Аман даже вздрогнул от неожиданности: откуда отцу известно о золоте? Неужели он заранее договорился с Сейид-оглы?
— Отец, ты откуда знаешь?
— Давай сюда золото, — властно потребовал Каюм-сердар. — Я все знаю.
— Вот оно, — упавшим голосом произнес Аман. — Затем и шел к тебе, чтобы отдать.
— Почему мешочек не полный? — тотчас спросил Каюм-сердар. — Ночью у меня был человек, от Сейида-оглы, сказал — мешочек полный, под самую завязку. В нем на десять тысяч туманов золота, а ты даешь мне половину. Где остальное?!
— Зачем тебе так много? — заартачился Аман. — Ты совсем старый. В могилу ведь не возьмешь с собой богатство.
— Не твоего ума дело! Принеси, что взял.
— Что ж, принесу. — Аман спрыгнул с айвана и скоро вернулся с небольшой эмалированной кружкой. — На, возьми.
— Ратху ни слова, — строго предупредил Каюм-сердар. — Если он узнает, то и меня, и тебя в Сибирь сошлют. Ты меня слышишь?
— Слышу, будьте вы все прокляты!
Аман с обидой удалился и, войдя в свою комнату, лег на ковер. Лицо прикрыл подушкой. «Сколько же подлостей всяких в мире, — с досадой подумал Аман. — Не пойти ли, да рассказать обо всем, как оно было? Если ничего не скрыть, то все закончится тем, что золото у отца отберут… А я не виноват, что отец до сих пор не развязался с басмачами. Я ехал к чабанам с чистыми намерениями — отдать отцовских овец Советской власти. Вот только жалко — «кошчинцев» басмачи убьют.

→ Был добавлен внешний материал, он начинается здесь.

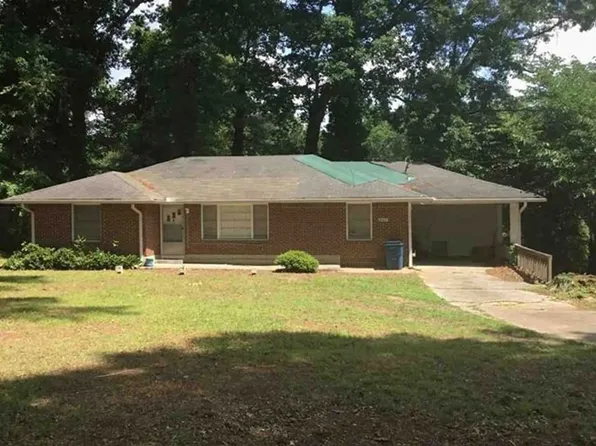 1096 Bright St, Jonesboro, GA 30236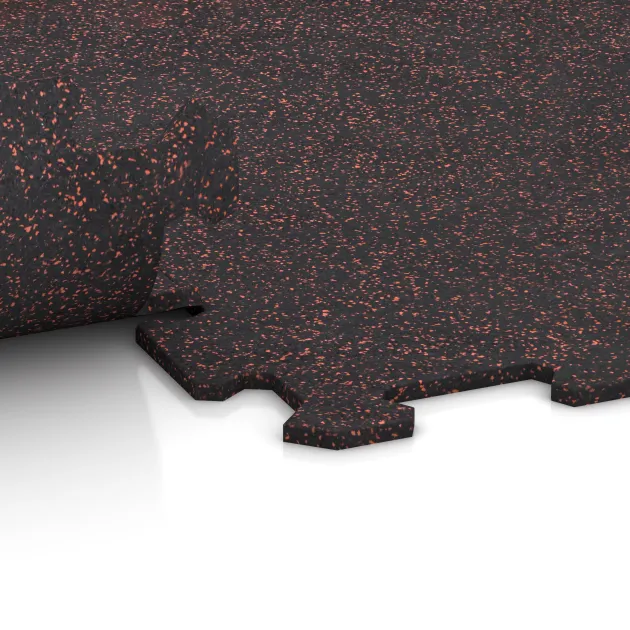 Großaufnahme vom Verbindungssystem von WARCO-Boden 1033 - Trappflisa im Farbdesign Lätt Röd Sprøjtet. Abmessungen 970 x 970 x 8 mm | 0,94 m.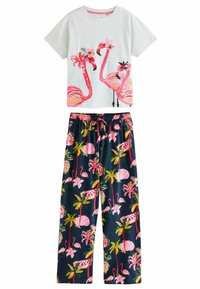 Bomullsoverall med en ljusgrå t-shirt med kort ärm som har tryck av rosa flamingos och marina byxor prydda med tropiska mönster och färger.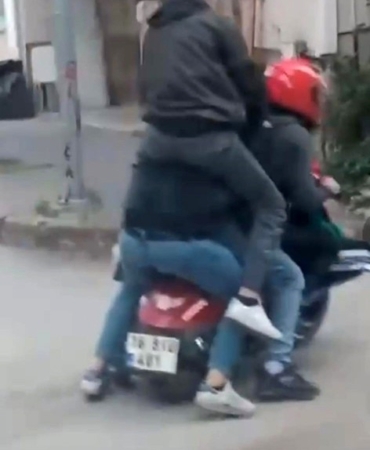 Motosiklete sığmak için sürücünün omzuna çıkmıştı: Ceza kesildi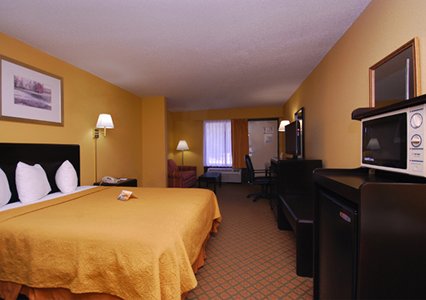 Quality Inn Airport MCO , Fl 32809 near Orlando International Airport View Point 3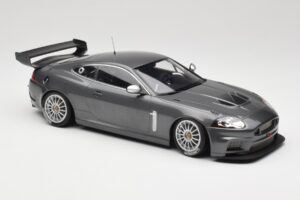 Jaguar XKR GT3 Grey Metallic Minichamps 1:18 150081390 Metalas - nuotrauka 4 iš 6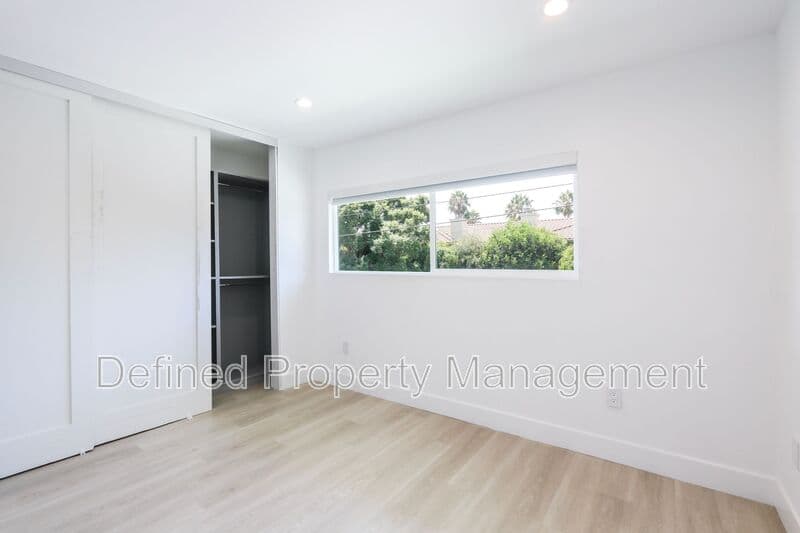 Los Angeles Condo: 1546 Bundy Drive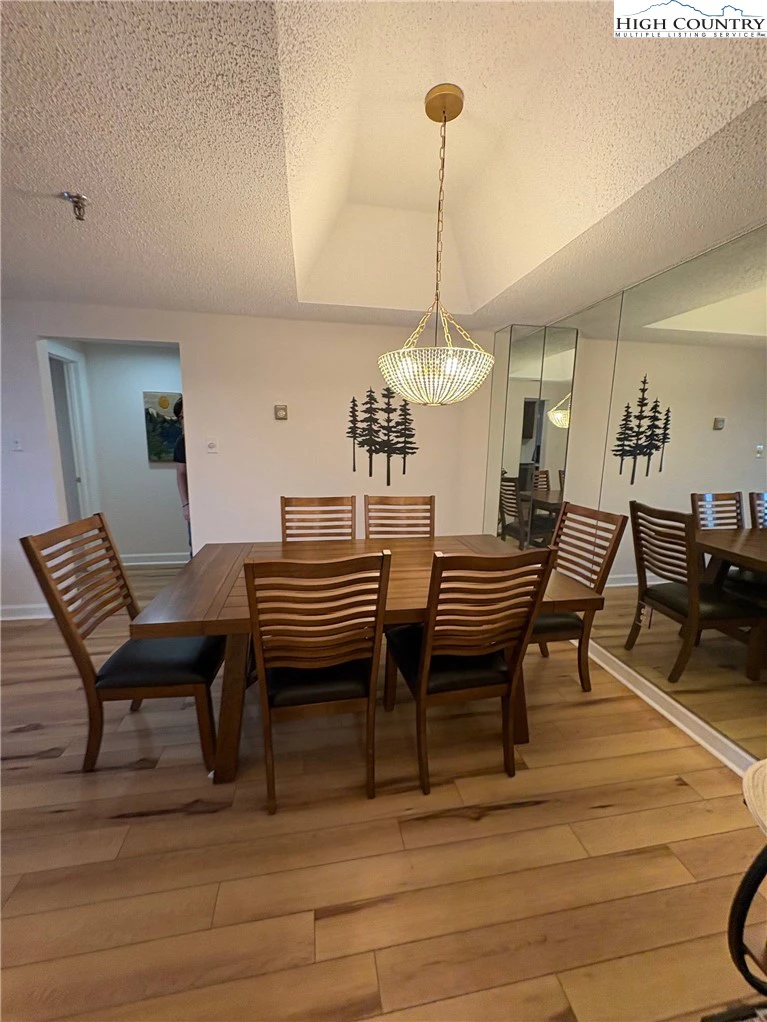 Image number 15 for the current listing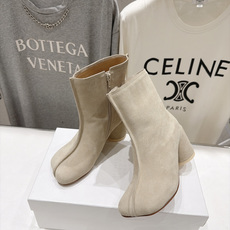 高版本出厂 Maison Margiela MM6马吉拉F055 26ss秋冬季新品高跟短靴 MM6这款短靴设计非常 高版本出厂 Maison Margiela MM6马吉拉F055 26ss秋冬季新品高跟短靴 MM6这款短靴设计非常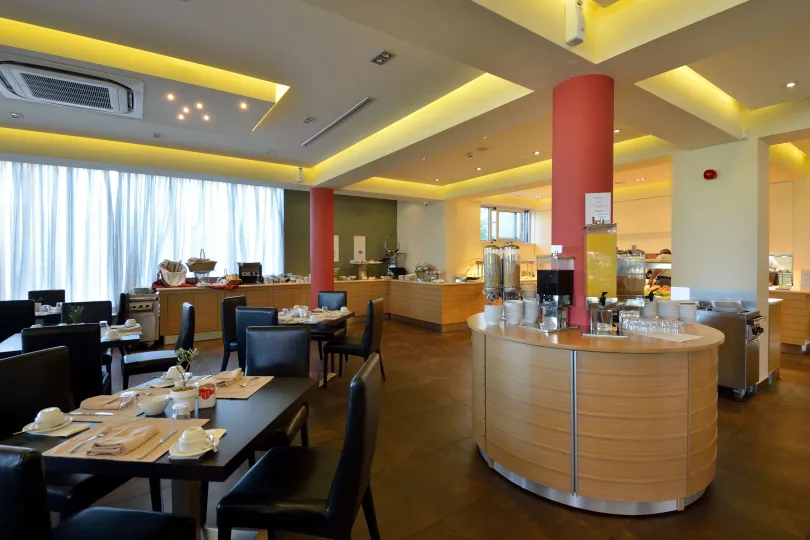 ROYAL PARADISE BEACH RESORT AND SPA Restaurants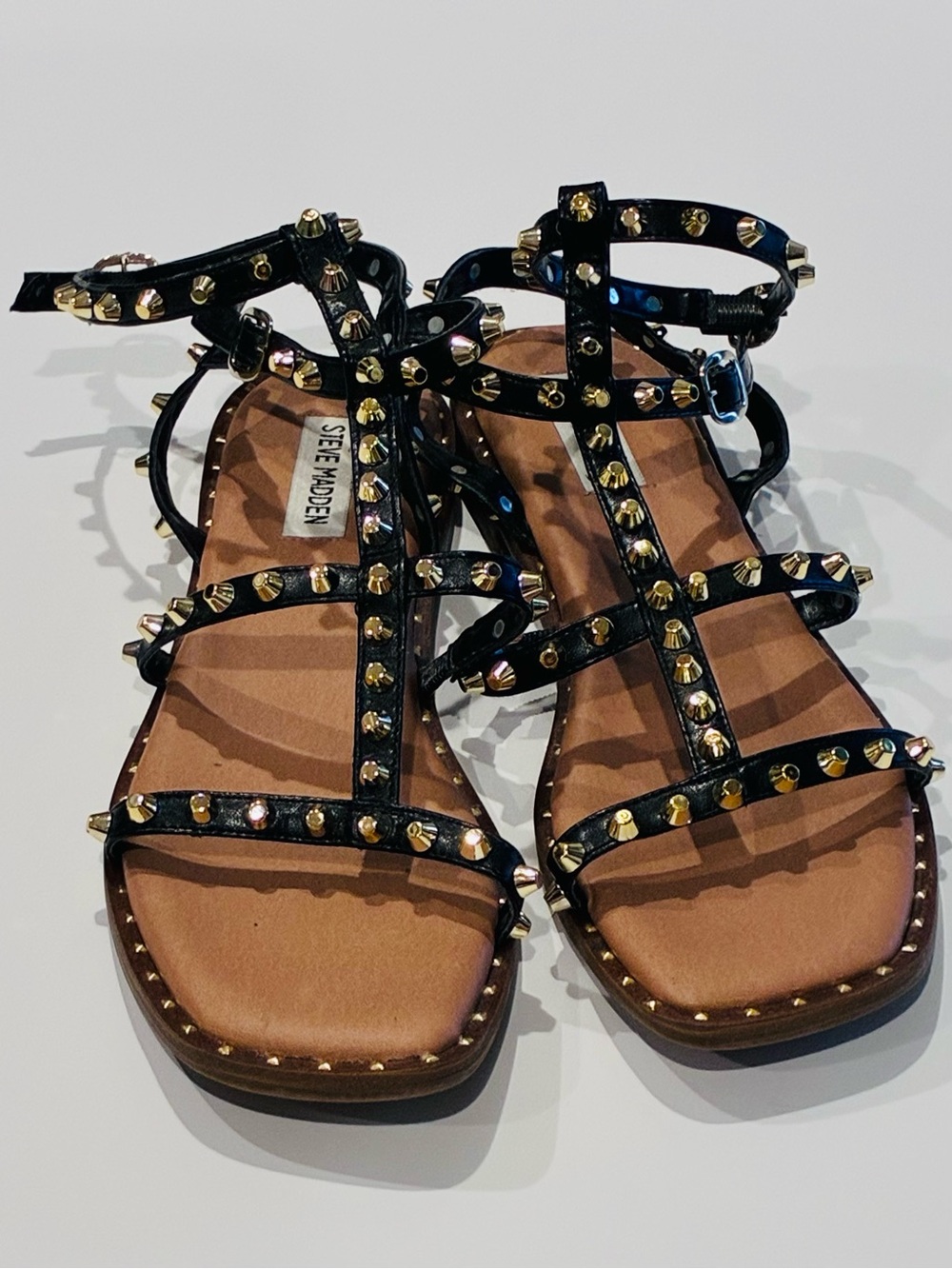 Excellent Condition-Steve Madden Wmns Gladiator Sunnie Sandal Sz.9.5 Black/Gold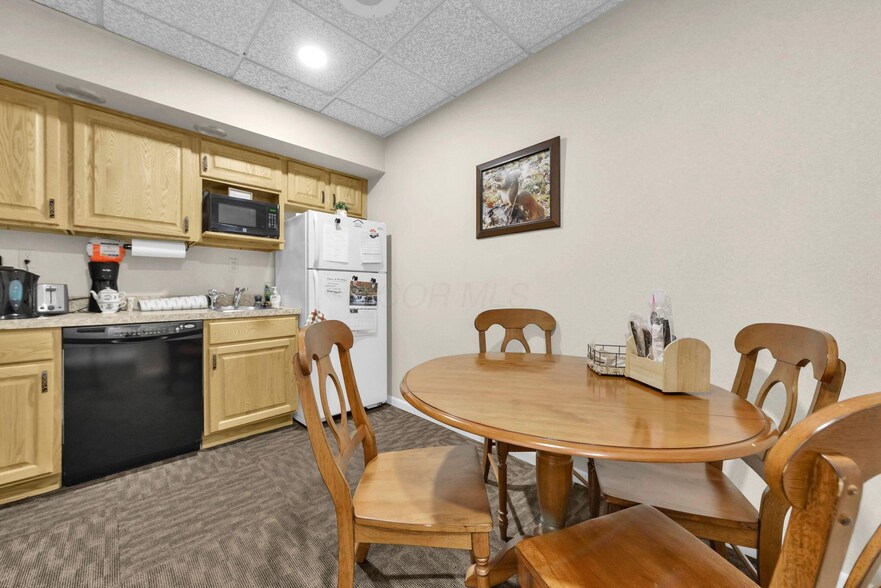 More Photos Of 444-454 E Center St, Marion Office For Sale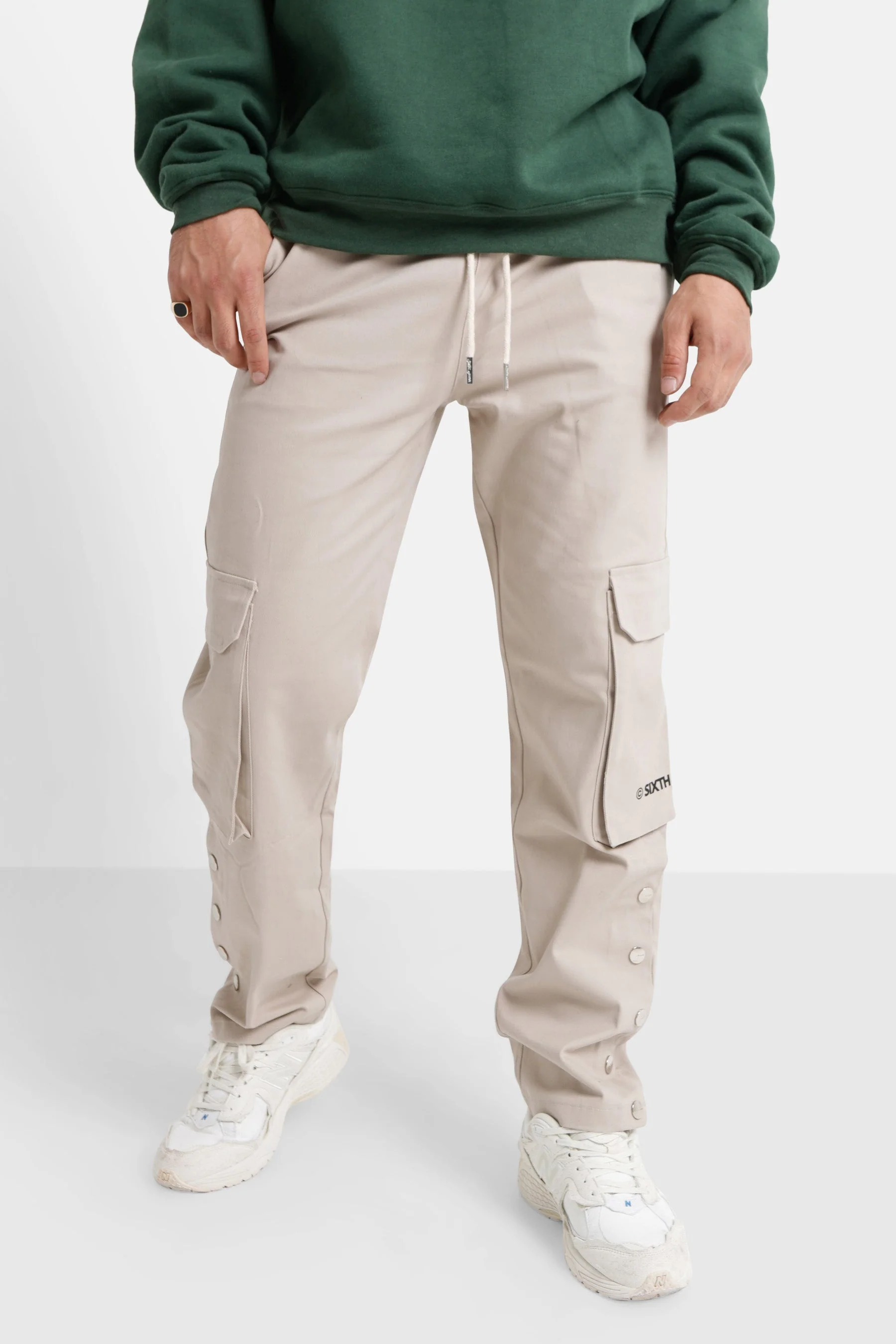Pantalon cargo boutons chevilles Beige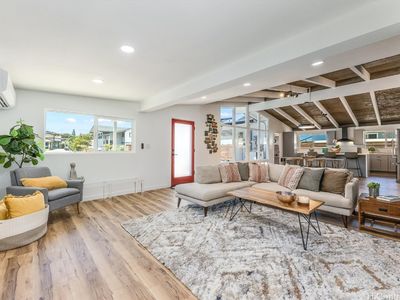 596 Kukuiula Loop, Honolulu, HI, 96825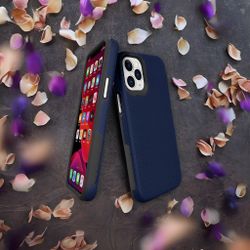 Sophisticated Sapphire Blue
iPhone 13 Case - Sophisticated Sapphire Blue, Ultra-Slim, Triangle-Patterned - Sleek Design & Superior Protection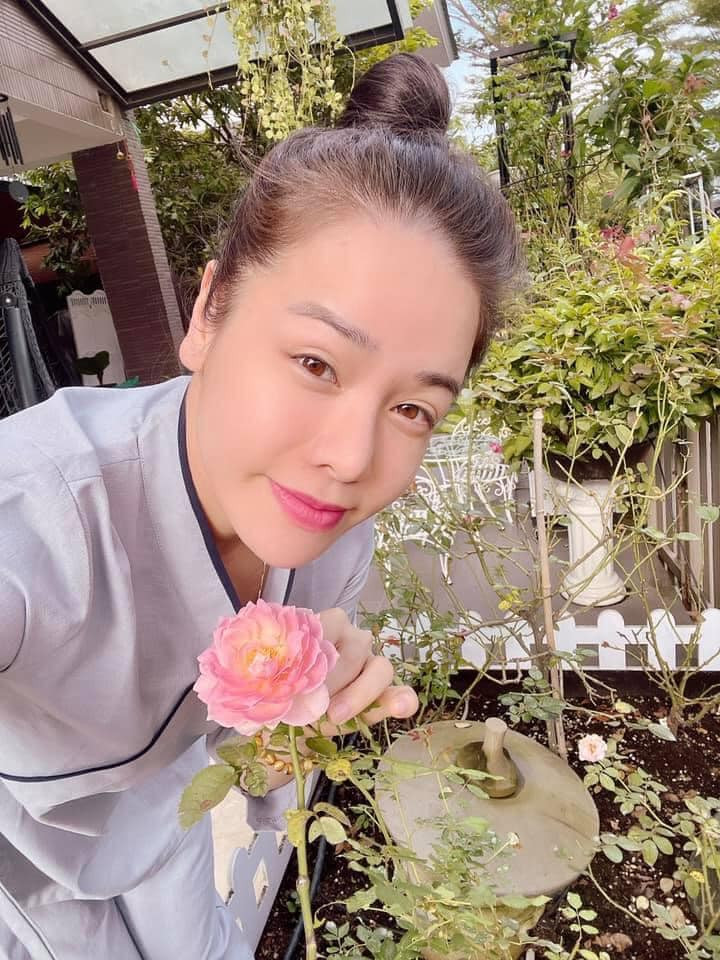 Ngoài rau, diễn viên Nhật Kim Anh còn trồng nhiều loại hoa, trong đó chủ yếu là hoa mai và hoa hồng.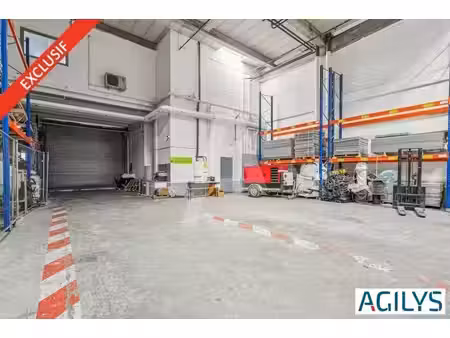 location local d’activités 377m²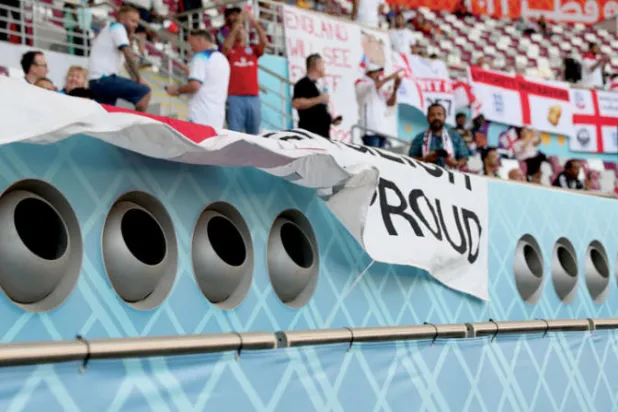 أجهزة التبريد في استاد خليفة في الدوحة (رويترز)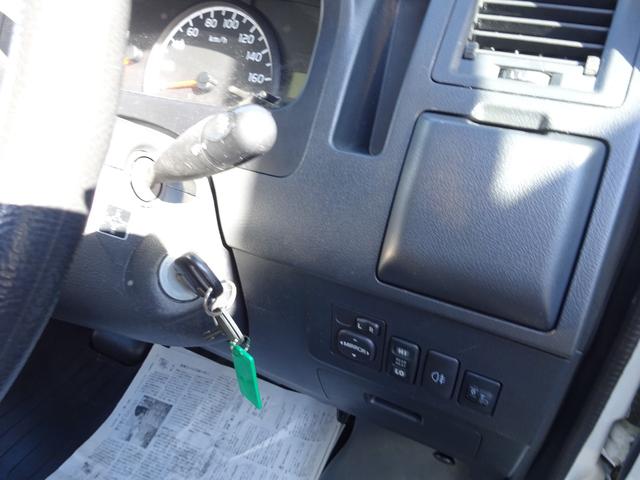 GL 4WD キーレス AMFMラジオ エアコン パワステ パワーウィンドウ ABS 運転席助手席エアバック 両側スライドドア(42枚目)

Да и отца могут посадить…» Аман тяжко вздыхал, не зная, как ему поступить, и пролежал до тех пор, пока не вернулся с работы Ратх. Услышав во дворе его голос, Аман вышел.
— Здравствуй, младшенький. Вот, вернулся я.
— Здравствуй, Аман, с приездом. Все ли прошла благополучно? Сдал овец?
— Нет, Ратх-джан, — упавшим голосом произнес Аман. — Налетел со своими Сейид-оглы: «кошчинцев» они связали, овец угнали на дальние колодцы. Меня Сейид-оглы не тронул. Поезжай, — сказал, — домой и моли аллаха, что родился сыном Каюм-сердара.
— «Кошчинцев», говоришь, связали? Овец угнали? — Ратх начал застегивать пуговицы на рубашке. — Но ты-то не виноват? Ты не способствовал басмачам?
— Что ты, Ратх! О чем ты говоришь!
— Вот что, Аман, давай побыстрее пойдем и заявим, куда следует. Давай, давай — иначе будет поздно. Промедление смерти подобно. Шайку Сейид-оглы еще можно догнать, и овец отбить.
VII
Слушая Амана, председатель ячейки «Кошчи» Артык смотрел сосредоточенно в окно, но по спине, по тому, как она то напрягалась, то вздрагивала, легко угадывалось настроение башлыка. Наконец, он «опустил поводья», дал выход своим натянутым нервам:
— Пропади все на свете, я знал, что именно так и получится! На сходке в Куня-Кала мы вслух говорили об отарах вашего отца, а богачи это наматывали себе на ус, и в первую очередь сам Каюм-сердар! Я не сомневаюсь, что ваш отец предупредил басмачей, чтобы спасли его отары.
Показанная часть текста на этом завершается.